As a means of laying down this thesis, Brown begins by talking about the Lord’s means of bringing people to a state of justification. He writes,
The Lord’s ordinary and usual method, in bringing his chosen ones into a justified state, is first to convince them of their sin and misery, by setting home the Law, and awakening their consciences… (p. 22, John Brown of Wamphray, ‘A Life of Justification Opened’)

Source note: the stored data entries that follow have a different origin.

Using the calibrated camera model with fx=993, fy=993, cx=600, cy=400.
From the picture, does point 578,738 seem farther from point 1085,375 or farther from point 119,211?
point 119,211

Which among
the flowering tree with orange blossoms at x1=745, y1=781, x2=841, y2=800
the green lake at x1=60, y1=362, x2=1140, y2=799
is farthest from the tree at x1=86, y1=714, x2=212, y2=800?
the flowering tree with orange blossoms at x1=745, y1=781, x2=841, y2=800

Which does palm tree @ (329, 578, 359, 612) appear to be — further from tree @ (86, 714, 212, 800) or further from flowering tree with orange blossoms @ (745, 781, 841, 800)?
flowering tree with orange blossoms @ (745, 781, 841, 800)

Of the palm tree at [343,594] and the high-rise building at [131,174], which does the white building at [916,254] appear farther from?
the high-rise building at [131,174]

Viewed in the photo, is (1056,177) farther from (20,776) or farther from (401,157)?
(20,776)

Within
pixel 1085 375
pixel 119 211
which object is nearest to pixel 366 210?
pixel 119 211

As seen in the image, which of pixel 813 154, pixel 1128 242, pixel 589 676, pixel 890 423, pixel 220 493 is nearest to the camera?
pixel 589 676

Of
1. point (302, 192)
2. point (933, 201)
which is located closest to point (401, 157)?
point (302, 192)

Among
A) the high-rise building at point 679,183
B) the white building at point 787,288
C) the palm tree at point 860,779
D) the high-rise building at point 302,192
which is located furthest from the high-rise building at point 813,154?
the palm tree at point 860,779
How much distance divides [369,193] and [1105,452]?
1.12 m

If the Law doesn’t act to convict – then I don’t know how one can come to any true understanding of himself (and, corollary to this, of God). We see the attitude of ‘self-worth’ whenever George Barna makes his polls of the American public, and even worse, the American church-going public, embodied in such statements as ‘I’m not an evil person – I’ve never murdered anyone!’ and ‘Most people are basically good at heart – they don’t have any evil orientation’ that come out repeatedly in such studies. People with this kind of attitude truly don’t understand what is expected of them, and what standard they should truly be paying attention to.

But when a person comes face-to-face with God’s demands, he must own up to the truth… Brown writes that it is at this point that
…the man is made to renounce all his former grounds of hope, and confidence, all his former duties, good works, civility, negative holiness, and whatever else he placed his confidence in formerly; yea all his righteousness are as filthy rags, and accounted as loss and dung. So that he hath nothing within himself, as a righteousness, that he can expect to be justified by, before God… (p. 22, John Brown of Wamphray, ‘A Life of Justification Opened’)

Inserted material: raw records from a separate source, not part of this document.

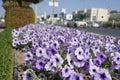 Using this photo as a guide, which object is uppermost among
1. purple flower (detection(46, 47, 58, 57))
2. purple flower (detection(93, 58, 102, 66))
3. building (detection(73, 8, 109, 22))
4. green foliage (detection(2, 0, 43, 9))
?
purple flower (detection(46, 47, 58, 57))

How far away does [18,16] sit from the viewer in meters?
32.6

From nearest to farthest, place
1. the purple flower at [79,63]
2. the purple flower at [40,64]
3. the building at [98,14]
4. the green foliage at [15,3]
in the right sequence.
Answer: the purple flower at [79,63] < the purple flower at [40,64] < the green foliage at [15,3] < the building at [98,14]

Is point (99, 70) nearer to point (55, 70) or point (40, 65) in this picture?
point (55, 70)

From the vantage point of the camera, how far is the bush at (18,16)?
3216 centimetres

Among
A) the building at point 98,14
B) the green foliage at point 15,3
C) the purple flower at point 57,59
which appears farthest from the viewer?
the building at point 98,14

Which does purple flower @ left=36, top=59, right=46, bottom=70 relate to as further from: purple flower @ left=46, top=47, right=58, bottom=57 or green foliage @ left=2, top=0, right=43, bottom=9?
green foliage @ left=2, top=0, right=43, bottom=9

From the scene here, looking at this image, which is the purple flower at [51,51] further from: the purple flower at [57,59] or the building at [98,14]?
the building at [98,14]

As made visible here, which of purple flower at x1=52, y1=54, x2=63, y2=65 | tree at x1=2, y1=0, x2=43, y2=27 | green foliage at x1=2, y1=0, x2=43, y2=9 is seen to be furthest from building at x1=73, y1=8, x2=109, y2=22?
purple flower at x1=52, y1=54, x2=63, y2=65

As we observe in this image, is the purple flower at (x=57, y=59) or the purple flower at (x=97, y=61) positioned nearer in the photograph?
the purple flower at (x=57, y=59)

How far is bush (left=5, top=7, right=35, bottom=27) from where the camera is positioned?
105ft

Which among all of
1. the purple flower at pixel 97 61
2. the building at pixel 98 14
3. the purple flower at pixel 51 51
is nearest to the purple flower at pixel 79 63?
the purple flower at pixel 97 61

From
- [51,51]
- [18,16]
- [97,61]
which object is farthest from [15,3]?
[97,61]

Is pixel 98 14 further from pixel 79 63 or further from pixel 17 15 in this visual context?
pixel 79 63

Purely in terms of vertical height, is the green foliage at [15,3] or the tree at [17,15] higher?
the green foliage at [15,3]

Again, without the Law serving the function of showing us who we are before God, we are extremely apt to hold ourselves as righteous, acceptable, ‘basically good’. Quite probably, I’ve been overly generous with ‘we are extremely apt to’. More accurate might be ‘we undoubtedly will’. The Fall has twisted and ruined our self-perception in such a way to make us ready to justify ourselves based on a standard we know that we can achieve. We know that acceptance before God is something we must have (or we perish), and therefore we make up a standard that is achievable, so that our wounded consciences are eased. This, however, puts God in a place of dishonor, and removes Him from His appropriate seat of judgment and Sovereign headship over all men.

As contrasted to this man-centered approach, God's way of justification, Brown writes,
…is so contrived, and the awakened man (whom God is about to justify) is now convinced of it, that man must be abased; for he is now able to see, that he is empty and poor, and hath nothing to commend him to God, no righteousness of his own to produce; nothing within him, or without him, except the alone righteousness of Christ the Mediator and Cautioner, that can stand him in stead; nothing of his own must here come in reckoning, neither alone, nor in conjunction with the righteousness of Christ; for what is of grace, must not be of works, otherwise grace is no more grace Romans 11: 6. (pp. 22-23, John Brown of Wamphray, ‘A Life of Justification Opened’)

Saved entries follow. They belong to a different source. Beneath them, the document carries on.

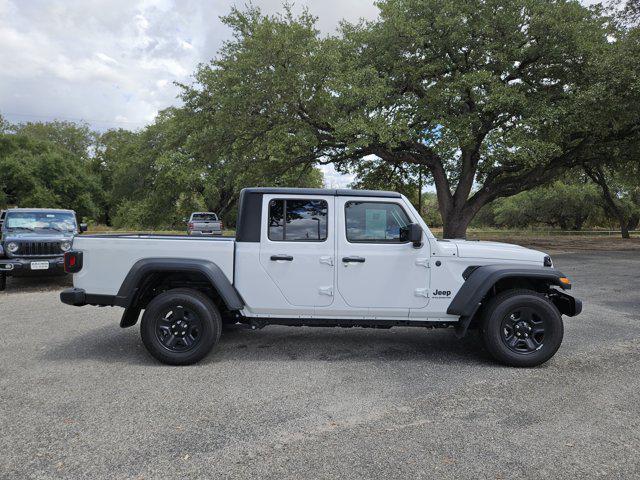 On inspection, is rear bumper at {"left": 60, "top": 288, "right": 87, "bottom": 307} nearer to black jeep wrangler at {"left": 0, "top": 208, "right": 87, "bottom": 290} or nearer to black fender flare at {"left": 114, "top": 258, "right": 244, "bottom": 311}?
black fender flare at {"left": 114, "top": 258, "right": 244, "bottom": 311}

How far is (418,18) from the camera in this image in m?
17.9

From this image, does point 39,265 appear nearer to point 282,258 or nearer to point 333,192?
point 282,258

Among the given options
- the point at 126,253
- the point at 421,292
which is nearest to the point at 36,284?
the point at 126,253

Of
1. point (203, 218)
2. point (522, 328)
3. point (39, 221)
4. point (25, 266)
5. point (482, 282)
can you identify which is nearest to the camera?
point (482, 282)

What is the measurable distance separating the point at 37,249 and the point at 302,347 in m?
7.42

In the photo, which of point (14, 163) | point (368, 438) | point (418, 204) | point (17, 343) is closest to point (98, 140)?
point (14, 163)

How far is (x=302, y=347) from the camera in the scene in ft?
17.4

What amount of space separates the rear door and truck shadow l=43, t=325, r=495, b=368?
30.9 inches

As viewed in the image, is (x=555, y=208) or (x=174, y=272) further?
(x=555, y=208)

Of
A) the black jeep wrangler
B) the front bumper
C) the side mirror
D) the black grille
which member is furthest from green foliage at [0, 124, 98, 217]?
the side mirror

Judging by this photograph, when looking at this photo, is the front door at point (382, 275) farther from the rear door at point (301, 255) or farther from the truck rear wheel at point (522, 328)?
the truck rear wheel at point (522, 328)

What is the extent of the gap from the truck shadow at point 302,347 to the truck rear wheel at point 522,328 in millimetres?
301

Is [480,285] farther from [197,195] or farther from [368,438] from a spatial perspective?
[197,195]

It seems clear that part of the reason some reject the teaching of the necessity of God’s imputing both Christ’s obedience to the precepts of the Law AS WELL as his so-called ‘passive obedience’ to the ceremonial Law of atonement is that their view of the Law’s demands on the individual is low indeed. If one believes that full obedience to God’s Law in exhaustive detail as never required of any, then one needn’t have Christ’s obedience in that sense attributed to him. One can then, in this view, pass the standard required by some sort of ‘evangelical obedience’, or by the acceptance by God of sincere intention to obey and submit as a righteousness of a sort.

This isn’t the way the Law has historically been understood by the Reformed church, as Brown expounds the doctrine here. One of the clear functions of the Law, as described by the Apostle Paul, is to drive the individual away from reliance upon self, and a sense of worthiness to a truer sense of who he is before God – one who has no claim to righteousness in himself, and no means of restoration but grace.